Since I have quite the backlist now, I thought it would be fun to discuss five topics in my books and the real life events that inspired them. :)
1. Chess in the Horrorscape series. I actually play chess. I used to be fairly good at it-- and have played against national masters-- but I was way better at the antichess variant, in which the goal is to lose all of your pieces first in a series of forced captures. (In fact, I once beat one of said NMs at antichess!) I thought it would be creepy if someone took that one level further and built a series of killings around an imaginary game of chess! And boom-- that inspired the serial killer in the book. :)
2. Pulp horror in Little Deaths. To research for the book, I read a lot of books about trash cinema and Roger Corman (seriously, his movies are pretty wild!). I wanted to write about an actress who was in movies that people loved but didn't take seriously as "real" art. There's a mini documentary on Vox about The Room where the host talks about "Z-films," which become cult classics but don't necessarily do well commercially. People who appreciate Z-films and trash cinema are often correlated with having higher intelligence because, as with the appeal of foreign or art house films, these are movies that are often avant-garde and challenge the status quo. The direct-to-VHS boom was so freeing when it came to output and creativity, but for someone like Donni, I felt like it could lead to type-casting and an inability to see her beyond "just another scream queen."
3. Medieval literature/history in Batter My Heart. For reasons I won't be getting into, I ended up taking a medieval lit class during my first year of college. It wasn't relevant to my studies-- I just needed the credits-- and I used to joke at how useless it was, and how I'd never use that knowledge for anything. Then over a decade later, I crammed all of that knowledge into BMH by making the hero a medieval lit scholar who is also working on a dense and literary romance novel as his thesis. Before the heroine convinces him to give it a happy ending, the story he writes is loosely based on the story of Pedro and Ines of Portugal. Look it up. It's Game of Thrones dark and does NOT have an HEA.
4. Food allergies in Raise the Blood. I haven't seen a lot of books that have characters with food sensitivities/allergies, outside of mystery novels. I gave the heroine mine because I am an advocate for food allergy/sensitivity awareness. Food is a central and unavoidable part of our lives and if you have dietary restrictions that you need to follow for the sake of your health, it can be very invasive and stressful to deal with. I can't dine out spontaneously, and I have to read the ingredients labels of everything I consume that isn't a single ingredient (like an apple). Characters with food allergies often get killed off in mysteries, so I thought it would be fun to write one where the poor allergy/sensitivity-laden person doesn't die; they just get put out of commission for a while.

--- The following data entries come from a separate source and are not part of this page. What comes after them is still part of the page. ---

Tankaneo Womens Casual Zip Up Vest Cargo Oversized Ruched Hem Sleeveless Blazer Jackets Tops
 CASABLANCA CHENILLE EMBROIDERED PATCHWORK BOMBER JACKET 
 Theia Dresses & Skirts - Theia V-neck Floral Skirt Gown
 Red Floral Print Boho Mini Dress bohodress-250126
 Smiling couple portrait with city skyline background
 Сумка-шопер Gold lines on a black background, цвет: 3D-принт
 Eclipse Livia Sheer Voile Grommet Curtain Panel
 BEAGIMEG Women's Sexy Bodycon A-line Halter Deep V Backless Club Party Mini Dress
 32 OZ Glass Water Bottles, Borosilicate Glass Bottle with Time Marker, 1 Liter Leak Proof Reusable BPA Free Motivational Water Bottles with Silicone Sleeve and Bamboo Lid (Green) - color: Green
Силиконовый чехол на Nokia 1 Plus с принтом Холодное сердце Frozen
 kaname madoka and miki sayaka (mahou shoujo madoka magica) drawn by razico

5. Video rentals in Rent Girl. While watching a documentary about the last functional Blockbuster video store, I couldn't stop thinking about those cassettes and what a perfect vehicle they would make for smuggling hidden items. Especially when the people being interviewed talked about some of the things the people left in the cassettes by mistake. (Or shall we say, "mistake"?) It made me think, Why not drugs? And the bare bones of this story were formed. Also, I just think video stores are incredibly nostalgic. If you've ever been in one, you can INSTANTLY recall the smell, just like that (old popcorn and carpet cleaner). I wanted Rent Girl to feel like a sleazy, low-budget crimesploitation story that you could actually FIND at a video rental store back in the day, so it ended up becoming a very meta work.
I hope this was interesting to some of you. LMK if you'd like to see more posts like this sometime. :)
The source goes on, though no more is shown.